Oh dear, I've digressed, sorry, yet what I had in my hands when I listened to "Once Only Imagined," the debut album of the Canadians The Agonist, was truly a low blow. Either because there aren’t that many things to say here, or because this record is just another flat and dull release that has flooded the market for years. I feel really cheated by all those record companies that bring out these products to feed a bunch of fools in search of who knows what, and moreover, I feel even more ridiculed when such low commercial operations are carried out by giants like Century Media. Yes, because this disc, in addition to being extraordinarily flat, is backed by a massive production and produced by one of the major metal record companies.
But let's analyze "Once Only Imagined": summarizing what is found within the aforementioned product is quite easy since, for the scant 38 minutes divided into 11 tracks, the recipe is the usual one found in many albums of the genre, so much, so much, even too much melody, at times downright cloying, riffs that heavily borrow here and there from thrash, a lot (to be honest) from metalcore, a rhythm section never too fast or pounding otherwise the well-meaning people, who knows what they might think, but not so sparse as to confuse the album with something à-la Evanescence and, in this record, but only in this one, the alternation of angelic/scream vocals, both performed by the Pokémon, uh the girl with blue hair (stuff that arouses more interest from the toilet in my house) who, if in clean vocals manages to almost convince, in the scream parts ends up being truly ineffective, as well as unintentionally comical.

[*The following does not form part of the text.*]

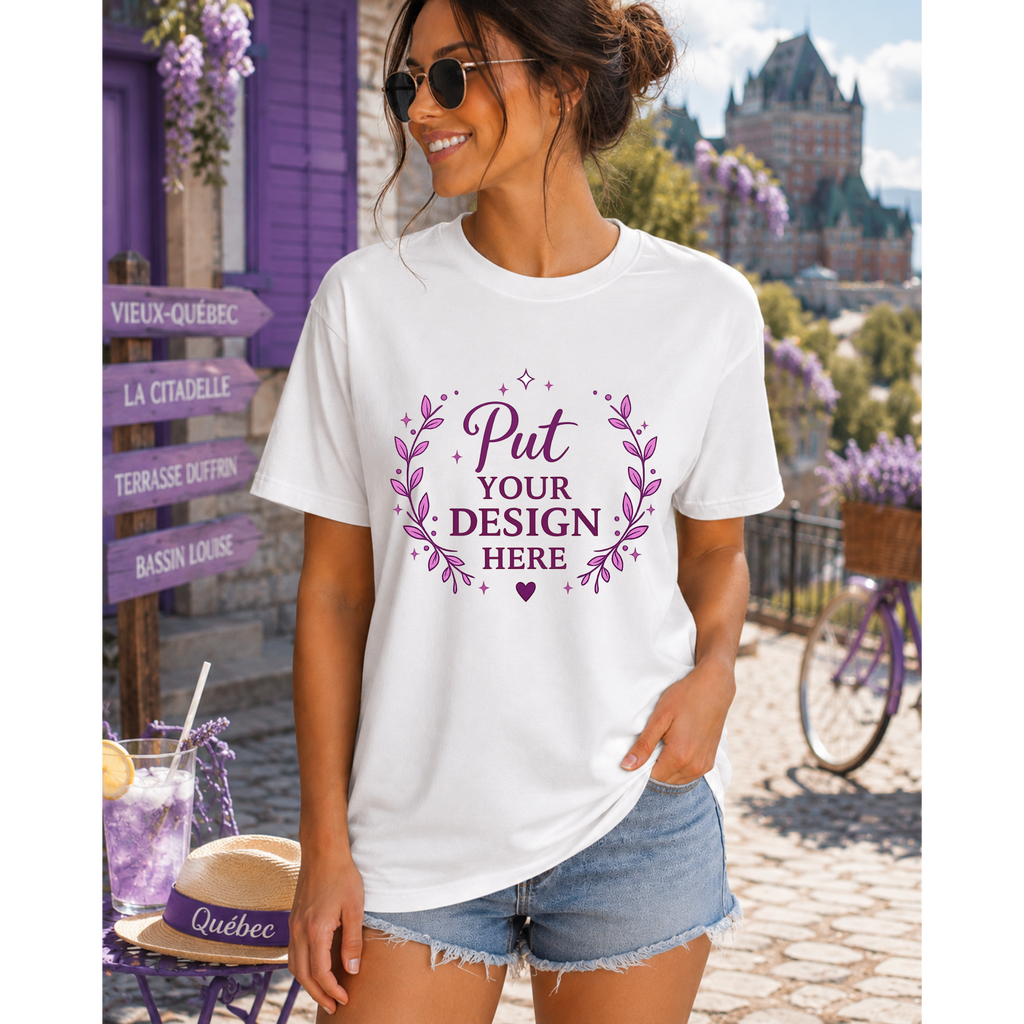 Camiseta Preta Vida de Agente de Viagens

What else is there to say? Well, technically speaking, the five Canadians (except for the aforementioned singer in the scream sections) are not bad; you can tell there’s good preparation behind them, but here the problem has to shift elsewhere: in this album, you can only find a tedious reproduction of what's already been done by bands like Arch Enemy, the latest Dark Tranquillity, or In Flames of "Come Clarity".
Almost sorry to also fail the work of these five young people, but there is no other choice, here there is still a lot of work to be done to reach even just a decent level if they still manage to find someone to produce and protect them, hoping they also change direction, because this path has already been walked by so many other bands that have trampled it much better.